According to specialists, female Chinese hamsters tend to be more aggressive than males and this is why they shouldn’t be kept with other individuals of the same sex, especially when they are expecting.
And, if you don’t want to be picking up names for baby hamsters in the near future, it would be best to only host one individual per cage. However, make sure the cage is large enough to support their energetic personalities – in this case, two-floor structures represent the best option.
Don’t forget that, similar to the Russian dwarfs, these too are prone to diabetes, meaning you should pay attention to their diets. They can easily get overweight and obese, so having a place to exercise and run is mandatory if you want your hamster pet to live a long and healthy life.
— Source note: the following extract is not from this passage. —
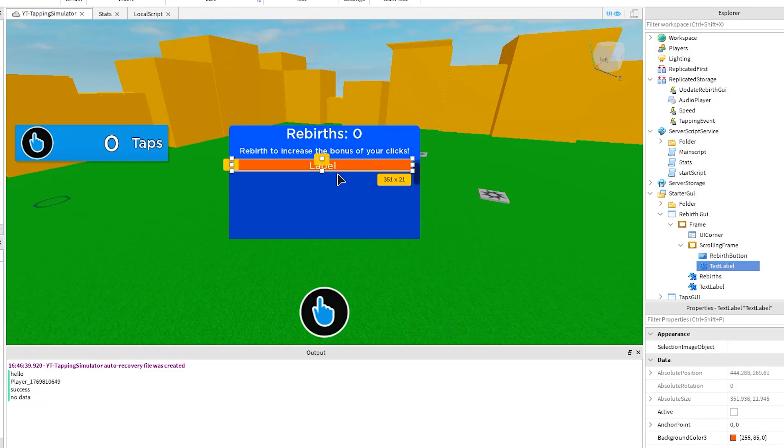Okay, let's check the GUI and see what we need to do next. Adding a UI grid to the scrolling frame will help organize the positions of the buttons inside our rebirth GUI.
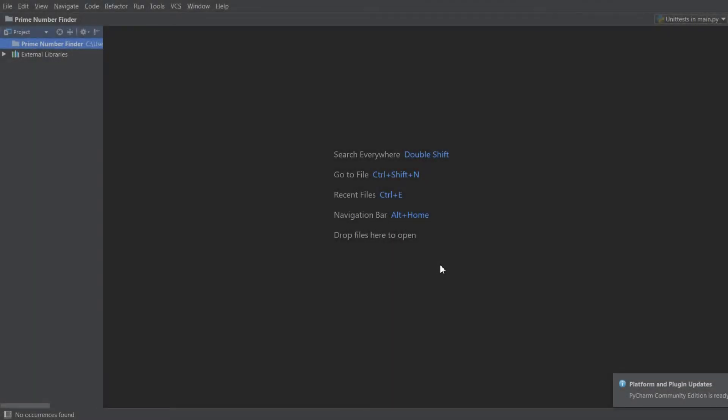Hello coders, Synthetic Programming here with another video. Today we are going to be making a prime number finder. This program is going to take two numbers, a and b, and find all the prime numbers between them.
Nevertheless, they make great pets and can even be tamed if you have the patience and time for this.
Okay, but where do they all come from?
In the broadest classification, all hamsters are part of the order Rodentia, or what we more commonly know as “rodents”. The defining characteristic for members of this order is the presence of two incisors in the upper and lower jaws that never stop growing during their lifetime.
A large number of creatures fall in this category and they can be found on all continents with the exception of Antarctica. Nowadays, it is a common belief that some forty percent of all mammal species are members of the order Rodentia.
The Cricetinae subfamily is what we classify as regular hamsters and it contains, as we said earlier, some twenty-five species of them. One of the most recognized characteristics are those fabled cheek pouches we talked about. Hamsters thrive in the wild all over the world and are also extremely easy to breed in captivity, making them an unfortunate choice for laboratories.
The first hamsters were originally discovered in Syria, but they were also found in places like Greece, northern China, Belgium, and Romania. According to the Louisiana Veterinary Medical Association, they were first brought to the United States in 1936.
Dwarf hamsters fall in the genus called Phodopus due to their particularly small size. Even though they continue to be overshadowed in popularity by the Syrian hamsters, they are surprisingly social and friendly beings.
Dwarf hamsters are native to a number of ecosystems ranging from steppes, semi-deserts, forests, and a number of regions in China, Mongolia, Siberia, and Kazakhstan. Regardless, they are kept as pets all over the world due to their adaptability and people-friendly behavior.